━━━ Data under study

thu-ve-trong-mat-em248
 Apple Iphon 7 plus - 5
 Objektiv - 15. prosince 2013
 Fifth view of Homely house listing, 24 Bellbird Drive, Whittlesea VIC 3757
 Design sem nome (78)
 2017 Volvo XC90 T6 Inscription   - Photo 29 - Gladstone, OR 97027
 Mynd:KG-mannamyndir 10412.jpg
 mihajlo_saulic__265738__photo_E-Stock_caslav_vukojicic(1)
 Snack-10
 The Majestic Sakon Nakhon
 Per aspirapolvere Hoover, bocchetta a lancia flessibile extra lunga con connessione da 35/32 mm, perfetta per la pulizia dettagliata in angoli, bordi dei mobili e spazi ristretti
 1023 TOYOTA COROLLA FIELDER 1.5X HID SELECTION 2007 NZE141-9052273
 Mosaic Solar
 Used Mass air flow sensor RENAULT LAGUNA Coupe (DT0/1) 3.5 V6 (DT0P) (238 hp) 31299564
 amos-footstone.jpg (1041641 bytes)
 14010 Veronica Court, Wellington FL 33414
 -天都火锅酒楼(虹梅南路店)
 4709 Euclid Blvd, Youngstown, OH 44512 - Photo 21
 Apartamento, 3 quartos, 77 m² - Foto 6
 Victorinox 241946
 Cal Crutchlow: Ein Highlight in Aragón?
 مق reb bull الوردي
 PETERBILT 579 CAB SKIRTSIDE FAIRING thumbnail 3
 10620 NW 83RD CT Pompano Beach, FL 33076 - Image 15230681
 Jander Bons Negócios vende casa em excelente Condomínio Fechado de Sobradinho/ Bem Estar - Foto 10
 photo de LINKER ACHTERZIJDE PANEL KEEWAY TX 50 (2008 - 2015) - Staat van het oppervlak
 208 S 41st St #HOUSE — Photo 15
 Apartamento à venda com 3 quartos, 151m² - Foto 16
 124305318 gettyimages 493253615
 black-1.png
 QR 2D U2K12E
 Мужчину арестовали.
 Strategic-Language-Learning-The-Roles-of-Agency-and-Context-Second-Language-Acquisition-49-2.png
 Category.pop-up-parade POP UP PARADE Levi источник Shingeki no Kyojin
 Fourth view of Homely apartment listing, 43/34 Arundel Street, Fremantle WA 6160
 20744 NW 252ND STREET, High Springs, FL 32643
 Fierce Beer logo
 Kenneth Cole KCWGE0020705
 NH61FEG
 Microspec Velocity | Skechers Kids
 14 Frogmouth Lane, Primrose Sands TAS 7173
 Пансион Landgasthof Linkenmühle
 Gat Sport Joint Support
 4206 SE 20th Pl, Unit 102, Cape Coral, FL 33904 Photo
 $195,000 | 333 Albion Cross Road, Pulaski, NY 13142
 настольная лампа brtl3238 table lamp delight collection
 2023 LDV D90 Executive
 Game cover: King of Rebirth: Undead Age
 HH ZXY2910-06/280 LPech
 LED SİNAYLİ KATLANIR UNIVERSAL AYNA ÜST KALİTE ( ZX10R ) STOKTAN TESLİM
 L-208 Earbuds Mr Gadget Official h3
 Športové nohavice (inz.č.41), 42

━━━━━━

Your reply should match the data above exactly, line for line.

Problem solution:
thu-ve-trong-mat-em248
 Apple Iphon 7 plus - 5
 Objektiv - 15. prosince 2013
 Fifth view of Homely house listing, 24 Bellbird Drive, Whittlesea VIC 3757
 Design sem nome (78)
 2017 Volvo XC90 T6 Inscription   - Photo 29 - Gladstone, OR 97027
 Mynd:KG-mannamyndir 10412.jpg
 mihajlo_saulic__265738__photo_E-Stock_caslav_vukojicic(1)
 Snack-10
 The Majestic Sakon Nakhon
 Per aspirapolvere Hoover, bocchetta a lancia flessibile extra lunga con connessione da 35/32 mm, perfetta per la pulizia dettagliata in angoli, bordi dei mobili e spazi ristretti
 1023 TOYOTA COROLLA FIELDER 1.5X HID SELECTION 2007 NZE141-9052273
 Mosaic Solar
 Used Mass air flow sensor RENAULT LAGUNA Coupe (DT0/1) 3.5 V6 (DT0P) (238 hp) 31299564
 amos-footstone.jpg (1041641 bytes)
 14010 Veronica Court, Wellington FL 33414
 -天都火锅酒楼(虹梅南路店)
 4709 Euclid Blvd, Youngstown, OH 44512 - Photo 21
 Apartamento, 3 quartos, 77 m² - Foto 6
 Victorinox 241946
 Cal Crutchlow: Ein Highlight in Aragón?
 مق reb bull الوردي
 PETERBILT 579 CAB SKIRTSIDE FAIRING thumbnail 3
 10620 NW 83RD CT Pompano Beach, FL 33076 - Image 15230681
 Jander Bons Negócios vende casa em excelente Condomínio Fechado de Sobradinho/ Bem Estar - Foto 10
 photo de LINKER ACHTERZIJDE PANEL KEEWAY TX 50 (2008 - 2015) - Staat van het oppervlak
 208 S 41st St #HOUSE — Photo 15
 Apartamento à venda com 3 quartos, 151m² - Foto 16
 124305318 gettyimages 493253615
 black-1.png
 QR 2D U2K12E
 Мужчину арестовали.
 Strategic-Language-Learning-The-Roles-of-Agency-and-Context-Second-Language-Acquisition-49-2.png
 Category.pop-up-parade POP UP PARADE Levi источник Shingeki no Kyojin
 Fourth view of Homely apartment listing, 43/34 Arundel Street, Fremantle WA 6160
 20744 NW 252ND STREET, High Springs, FL 32643
 Fierce Beer logo
 Kenneth Cole KCWGE0020705
 NH61FEG
 Microspec Velocity | Skechers Kids
 14 Frogmouth Lane, Primrose Sands TAS 7173
 Пансион Landgasthof Linkenmühle
 Gat Sport Joint Support
 4206 SE 20th Pl, Unit 102, Cape Coral, FL 33904 Photo
 $195,000 | 333 Albion Cross Road, Pulaski, NY 13142
 настольная лампа brtl3238 table lamp delight collection
 2023 LDV D90 Executive
 Game cover: King of Rebirth: Undead Age
 HH ZXY2910-06/280 LPech
 LED SİNAYLİ KATLANIR UNIVERSAL AYNA ÜST KALİTE ( ZX10R ) STOKTAN TESLİM
 L-208 Earbuds Mr Gadget Official h3
 Športové nohavice (inz.č.41), 42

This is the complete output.